_Your task_
Each line from the one containing "Black Rock Booklet" through the end of the data is to be written out exactly, and nothing more.

(Exercise materials)

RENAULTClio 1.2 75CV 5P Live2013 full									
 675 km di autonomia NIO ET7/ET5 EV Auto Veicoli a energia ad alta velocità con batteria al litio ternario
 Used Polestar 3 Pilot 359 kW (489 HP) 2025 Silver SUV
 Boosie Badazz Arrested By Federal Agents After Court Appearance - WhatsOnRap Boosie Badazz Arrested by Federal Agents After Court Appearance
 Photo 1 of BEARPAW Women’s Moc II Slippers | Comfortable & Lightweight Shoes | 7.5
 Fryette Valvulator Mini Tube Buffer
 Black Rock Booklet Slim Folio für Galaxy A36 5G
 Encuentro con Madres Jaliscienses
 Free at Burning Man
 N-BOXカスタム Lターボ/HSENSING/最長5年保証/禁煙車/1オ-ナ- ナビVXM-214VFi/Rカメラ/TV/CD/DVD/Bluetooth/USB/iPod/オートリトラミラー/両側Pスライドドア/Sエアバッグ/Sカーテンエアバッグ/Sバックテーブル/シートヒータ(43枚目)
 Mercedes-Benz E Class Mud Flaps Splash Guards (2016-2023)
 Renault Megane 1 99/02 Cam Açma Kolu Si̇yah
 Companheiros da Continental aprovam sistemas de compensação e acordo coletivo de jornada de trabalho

(End Exercise materials)

_Answer space_
 Black Rock Booklet Slim Folio für Galaxy A36 5G
 Encuentro con Madres Jaliscienses
 Free at Burning Man
 N-BOXカスタム Lターボ/HSENSING/最長5年保証/禁煙車/1オ-ナ- ナビVXM-214VFi/Rカメラ/TV/CD/DVD/Bluetooth/USB/iPod/オートリトラミラー/両側Pスライドドア/Sエアバッグ/Sカーテンエアバッグ/Sバックテーブル/シートヒータ(43枚目)
 Mercedes-Benz E Class Mud Flaps Splash Guards (2016-2023)
 Renault Megane 1 99/02 Cam Açma Kolu Si̇yah
 Companheiros da Continental aprovam sistemas de compensação e acordo coletivo de jornada de trabalho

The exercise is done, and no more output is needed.